The actor also told PEOPLE that ‘Young Sheldon’ star Iain Armitage “doesn’t need any” advice as he moves beyond the beloved sitcom
For Jim Parsons, playing Sheldon Cooper is the gift that keeps on giving.
The actor — who played The Big Bang Theory’s lovable, geeky lead for 12 seasons from 2007 to 2019 — is stepping back into his shoes for the May 16 series finale of the spinoff series Young Sheldon, which he says he’s honored to do.
Speaking with PEOPLE ahead of the 2024 Tony Awards — where he is up for best performance by an actor in a featured role in a play for his role in Mother Play — Parsons, 51, said reprising the role, particularly alongside former costar Mayim Bialik, was “really special, actually.”
Parsons, who is an executive producer and narrator for Young Sheldon, was at peace with his off-screen-only role in the Big Bang Theory spinoff, but the way the finale was written changed his mind entirely, he said.
“I felt a slight hesitancy when they first asked, just as I thought, I don’t really want to go revisit the character,” he told PEOPLE. “But the way that they wrote it in was I thought so beautiful that it ended up being like this little extra coda or whatever to my experience with the character.”
“It was this gift of a second layer of losing it out in a way that I had never seen coming, and it was a real treat,” he added.
When asked if he has any advice for 15-year-old Iain Armitage, who has portrayed Sheldon’s younger iteration since he was 9, Parsons said, “Oh God, no.”
“It’s such a different experience for him, and he’s so smart. He doesn’t need any,” the Hidden Figures actor continued. “He’s got good guidance. He and his mother, they’re just fantastic.”
“So, he’ll be fine. God knows what he’ll do,” Parsons said, adding, “He could do anything.”
Reflecting on what lies ahead, Armitage (who first auditioned for Young Sheldon at 8) told PEOPLE he wants to take on a project that is the “exact opposite end of the spectrum” of his role on the period sitcom.
“It’s funny, because I’ve had so much fun getting to do this character for seven awesome years that it would be cool to do something … just completely different from Sheldon in every way,” he told PEOPLE.
Whether it’s an action, sci-fi or drama project, he just wants to do “something super different and weird.”

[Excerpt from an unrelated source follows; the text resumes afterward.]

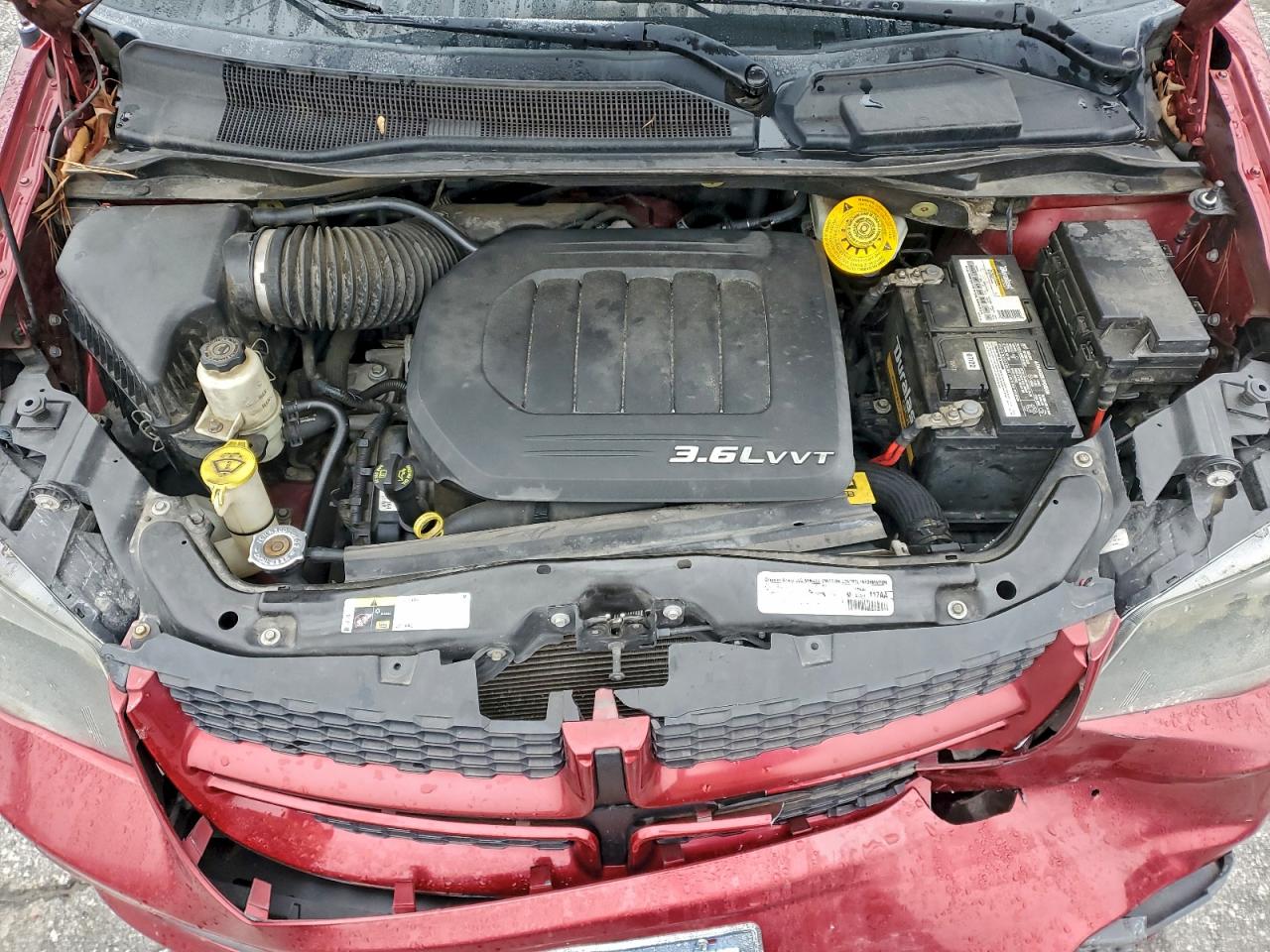 Dodge Caravan R/t Image 10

And, in a video from the set of the sitcom’s finale shared with PEOPLE, both Sheldons reflected on the first time they crossed paths as Armitage was getting his footing on Young Sheldon.
“It’s pretty crazy to watch old episodes of my voice sound so high and I’m so little,” said Armitage.
“He was so arrestingly charming,” Parsons added of the teen actor. “Immediately [you] just couldn’t take your eyes off.”